**Activity**:
The reply should hold every line of the listing exactly, and none of its images.

**Data shown**:
= = =

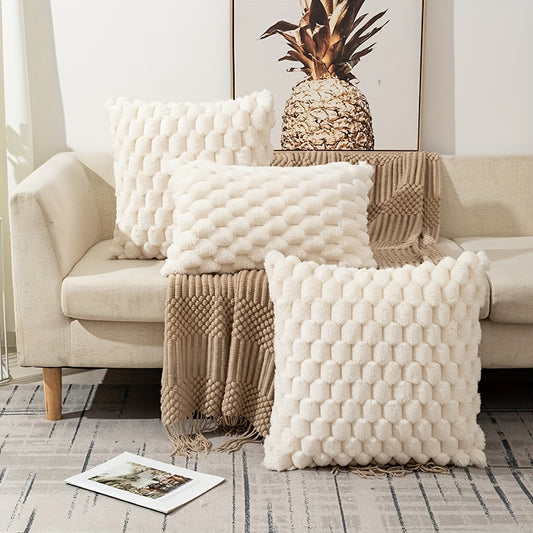 Christmas Throw Pillow Cover for Decorative Sofa Couch Bed - Cozy Soft Design
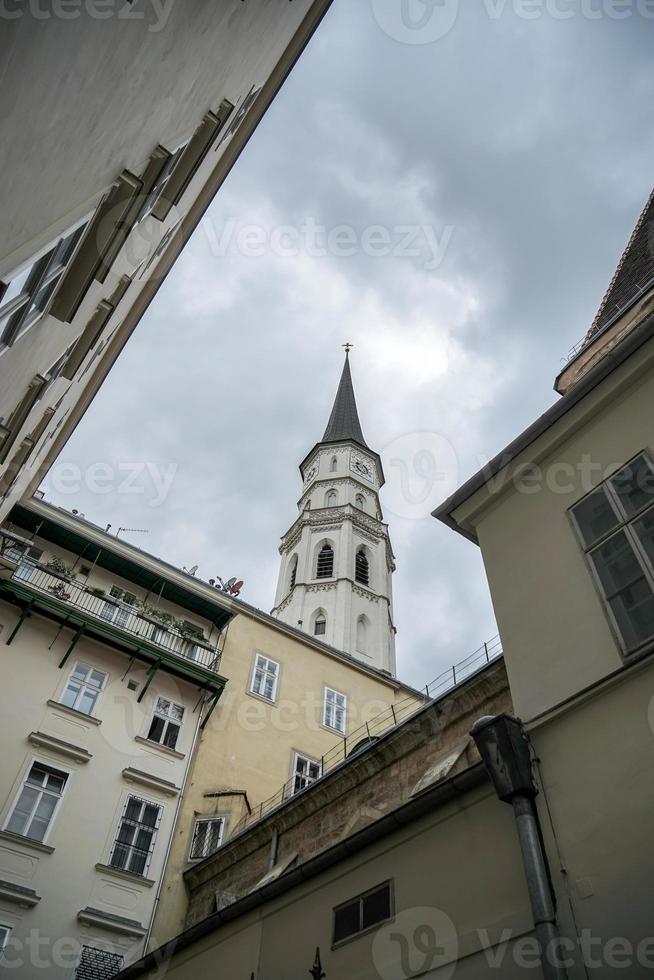 Wenen, Oostenrijk, 2014. toren Bij de hofburg complex in Wenen foto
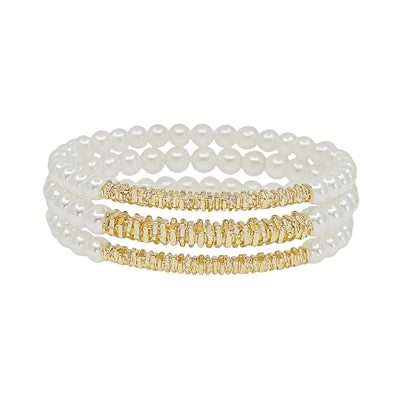 Set of 3 Beaded Bracelets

= = =

**Task response**:
 Christmas Throw Pillow Cover for Decorative Sofa Couch Bed - Cozy Soft Design
 Wenen, Oostenrijk, 2014. toren Bij de hofburg complex in Wenen foto
 Set of 3 Beaded Bracelets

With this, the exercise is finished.